As can be seen from the field emission scanning electron microscope image in fig. 2, the graphene porous membrane prepared in example 1 contains a large number of interconnected pores having an average pore diameter of about 100 nm. The specific surface area of the prepared graphene porous membrane is 1634m2/g, and the conductivity is 35.4S/cm.
As can be seen from the image of the field emission scanning electron microscope in FIG. 3, the cross section of the comparative sample 1 without the addition of the easily dispersible graphene as the microwave absorbent still has a dense morphology after the microwave treatment, and it can be seen that the added polymer is not decomposed at all. Thus, comparative sample 1 prepared in comparative example 1 was insulating and had a specific surface area of only 116m 2/g.
As can be seen from the image of the field emission scanning electron microscope in fig. 4, the graphene film of comparative example 2 without the water-soluble polymer added has pores, but the distribution is very uneven, and the average pore diameter is about 500nm, so that comparative sample 2 prepared by comparative example 2 becomes very loose, the specific surface area is 1280m2/g, and the conductivity is 10.8S/cm.
Example 2
A preparation method of a graphene porous membrane comprises the following steps:
(1) preparation of graphene oxide-based aqueous Dispersion
Adding graphite oxide into deionized water, adjusting the pH to be =10 by using ammonia water, mechanically stirring for 72 hours to obtain graphene oxide colloid dispersion liquid, and controlling the concentration of graphene oxide to be 5 mg/mL;
then adding poly (ethylene oxide-propylene oxide) block copolymer and easily dispersible graphene obtained by chemical reduction of hydrazine hydrate, mechanically stirring and mixing for 0.5 hour at the room temperature of 25 ℃, and controlling the mass ratio of the graphene oxide to the poly (ethylene oxide-propylene oxide) block copolymer to the easily dispersible graphene obtained by chemical reduction of hydrazine hydrate to be 100: 10: 5 to obtain the graphene oxide-based aqueous dispersion.

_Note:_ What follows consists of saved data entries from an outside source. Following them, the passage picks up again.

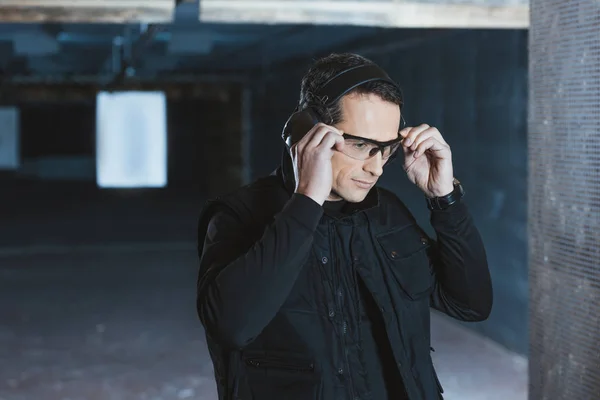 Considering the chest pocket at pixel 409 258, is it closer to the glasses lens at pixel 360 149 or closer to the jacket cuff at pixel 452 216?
the jacket cuff at pixel 452 216

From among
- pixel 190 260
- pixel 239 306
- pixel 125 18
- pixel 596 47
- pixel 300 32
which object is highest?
pixel 300 32

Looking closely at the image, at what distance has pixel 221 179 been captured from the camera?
41.5 ft

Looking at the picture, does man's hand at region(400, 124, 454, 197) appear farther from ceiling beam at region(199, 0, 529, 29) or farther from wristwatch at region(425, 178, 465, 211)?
ceiling beam at region(199, 0, 529, 29)

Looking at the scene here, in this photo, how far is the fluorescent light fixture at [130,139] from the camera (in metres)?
11.8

(2) Preparation of graphene oxide-based composite film
And (2) transferring the graphene oxide-based aqueous dispersion obtained in the step (1) to a solvent filter consisting of a funnel-type filter cup, a middle sand core filter head and a stainless steel fixing clamp by adopting a polycarbonate filter membrane with the pore diameter of 0.22 micron, and performing vacuum filtration by using a circulating water type vacuum pump to keep the vacuum degree to be less than 1kPa to obtain the graphene oxide-based composite membrane.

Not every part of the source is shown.